In practice, this means that Google’s system is able to automatically translate between two languages, without adopting the “trick” of interlingual translation. (Interlingual translation is a technique commonly adopted in machine translation, of using a common intermediate language to bridge two languages for which there is no corpora available. In this example, the translation would be French -> English -> German, and vice versa, using English as the bridging language). This occurs through a common deep learning method called Long-Short Term Memory (LSTM), through which a machine can learn how to translate between, say, English and French and English and German by processing examples of translations.
The exciting development is that all of this is achieved in a single model, which is able to operate on multiple language pairs. It even appears to have had the effect of the model developing its own “internal representation” of concepts, which is completely independent of the specific languages it learns to translate. The examples in the paper are not limited to European languages, either – the system is able to translate between Japanese and Korean without seeing a simple example that joins the two languages. An example of how this works is shown in Fig. 1.

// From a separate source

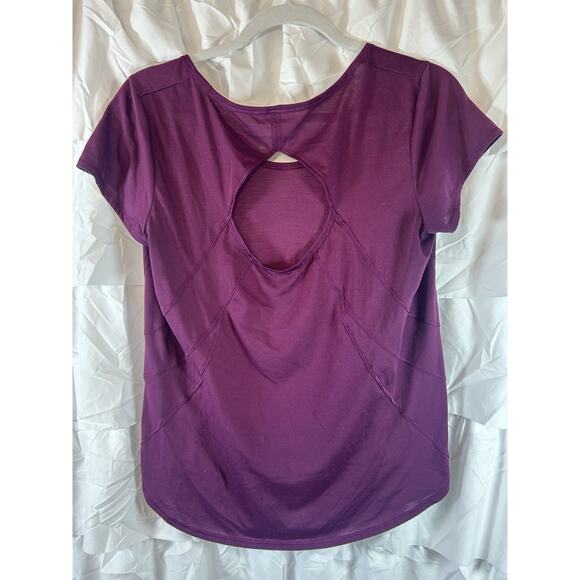 Athleta Repetition Tee Size Medium Women Burgandy Keyhole Back top workout - Picture 4 of 5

All of this, of course, is done inside a deep learning model: an LSTM. The multi-lingual translation is achievable in the single model by adding a token for the destination language in the input. For example, if one wanted to translate “Hello, my name is Bob” to Spanish, the input would be “<2es> Hello, my name is Bob”.
A further exciting observation made by researchers from Google Brain is that the system does not need to be told what language the input is in, disambiguating the difficult cases on its own. Take the word “burro” for instance: it means “butter” in Italian but “donkey” in Spanish. Even for words that have the same spelling but different meanings in different languages, the system is usually able to discriminate based on context.
The model learns an “encoder” LSTM and a “decoder” LSTM; it has a similar appearance to multi-layer auto-encoders. The centre contains an attention model, and the layer just before the attention is the one that outputs the “common encoding”: a semantic representation of the input that is language-independent.
Being Google, as well as testing on the benchmark datasets in machine translation, they used their own internal dataset, which is probably very large and certainly very private. The code is very private too, but the researchers have given us an insight into the kind of infrastructure they needed: 100 (presumably state-of-the-art) GPUs, trained for over 3 weeks. The results are impressive, beating state-of-the-art ad-hoc models in a few cases. For a single model developed for multiple languages, Google’s NMT system provides a great advantage, and we should expect ever better translations from Google Translate as a consequence.